Problem requirements:
Every line from the one with "Quarxery Gel Exfoliante" through the final line of the entries below should be returned exactly; leave out all other lines.

Data section:
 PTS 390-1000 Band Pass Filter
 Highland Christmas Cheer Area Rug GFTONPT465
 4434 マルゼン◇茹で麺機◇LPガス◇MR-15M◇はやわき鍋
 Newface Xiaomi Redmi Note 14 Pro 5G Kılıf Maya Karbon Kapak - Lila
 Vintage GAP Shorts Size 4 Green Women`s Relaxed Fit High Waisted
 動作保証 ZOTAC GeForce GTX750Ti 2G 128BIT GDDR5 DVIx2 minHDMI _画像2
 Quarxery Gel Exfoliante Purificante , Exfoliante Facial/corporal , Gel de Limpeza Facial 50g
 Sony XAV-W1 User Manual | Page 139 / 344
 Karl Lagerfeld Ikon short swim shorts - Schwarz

Task output:
 Quarxery Gel Exfoliante Purificante , Exfoliante Facial/corporal , Gel de Limpeza Facial 50g
 Sony XAV-W1 User Manual | Page 139 / 344
 Karl Lagerfeld Ikon short swim shorts - Schwarz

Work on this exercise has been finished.